▶ **ACTIVITY**:
Take the entries below and reproduce exactly the portion that begins at the line containing "Kem nền tuýp" and ends at the line containing "3 sloth sisters", keeping both ends, dropping pictures, and adding nothing else.

▶ **STUDY MATERIAL**:
%%

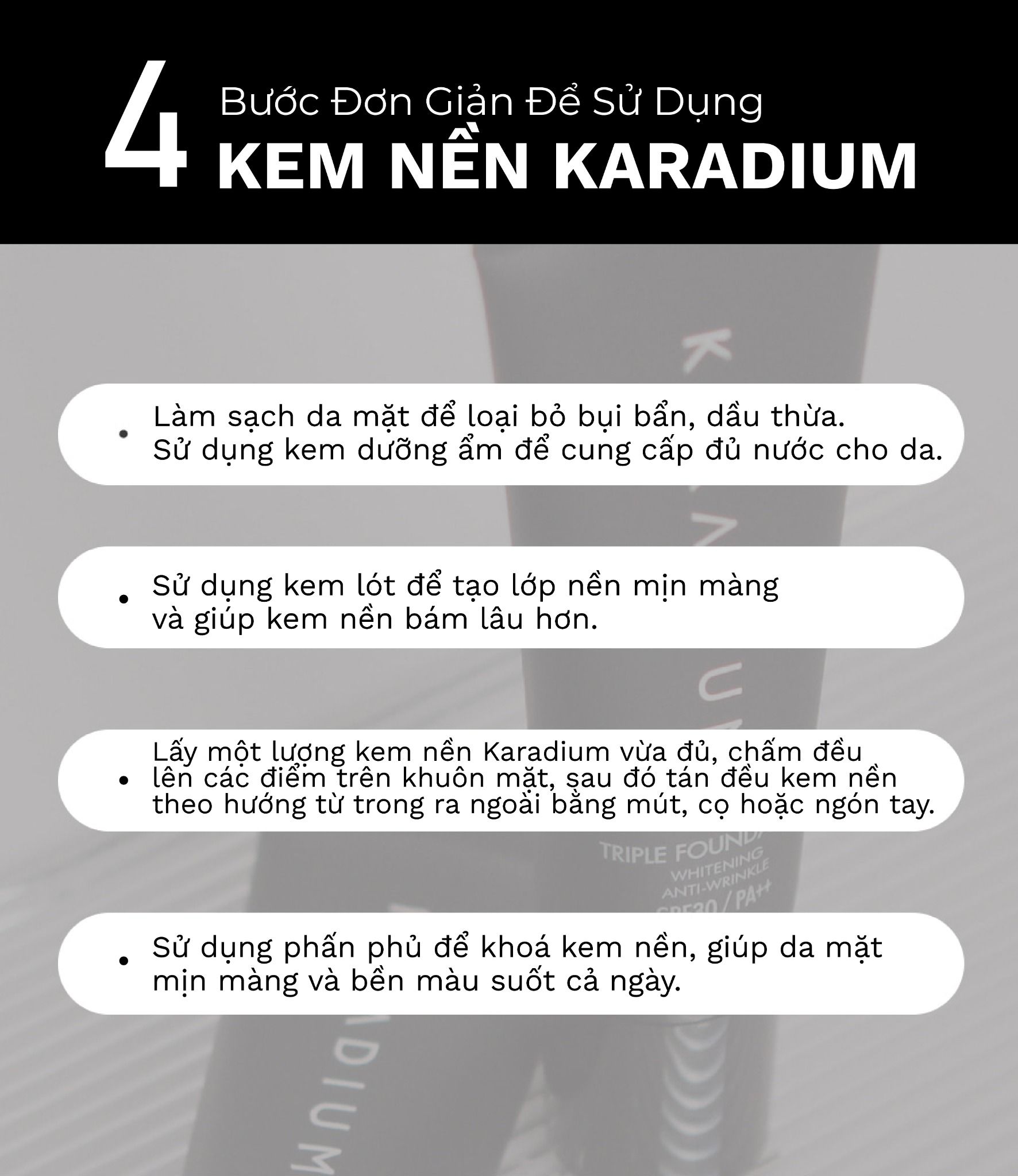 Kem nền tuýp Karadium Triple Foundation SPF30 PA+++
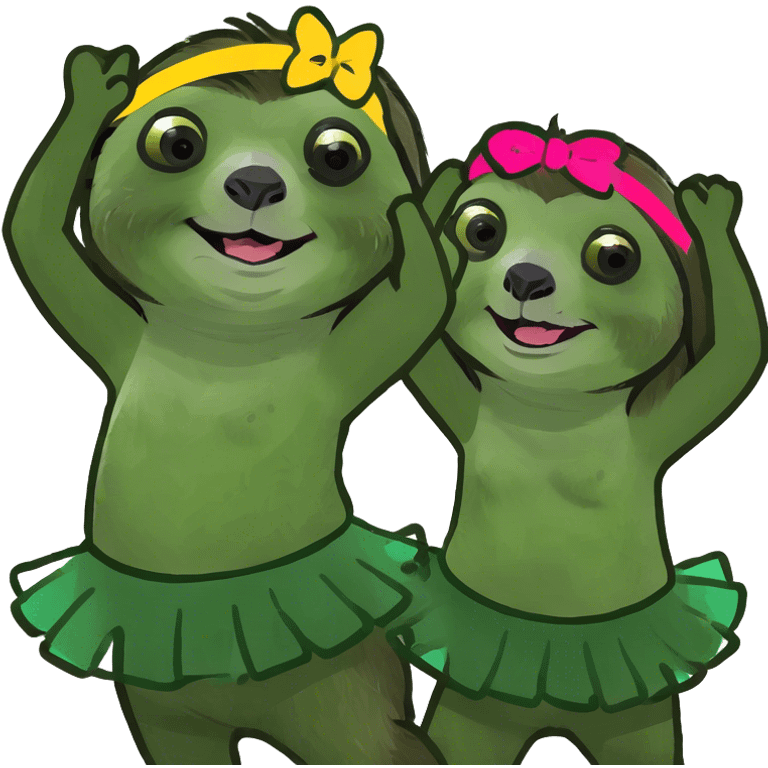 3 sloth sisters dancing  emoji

%%
%%

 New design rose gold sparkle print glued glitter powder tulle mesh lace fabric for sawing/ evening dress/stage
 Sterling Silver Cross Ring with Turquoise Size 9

%%

▶ **THE ANSWER**:
 Kem nền tuýp Karadium Triple Foundation SPF30 PA+++
 3 sloth sisters dancing  emoji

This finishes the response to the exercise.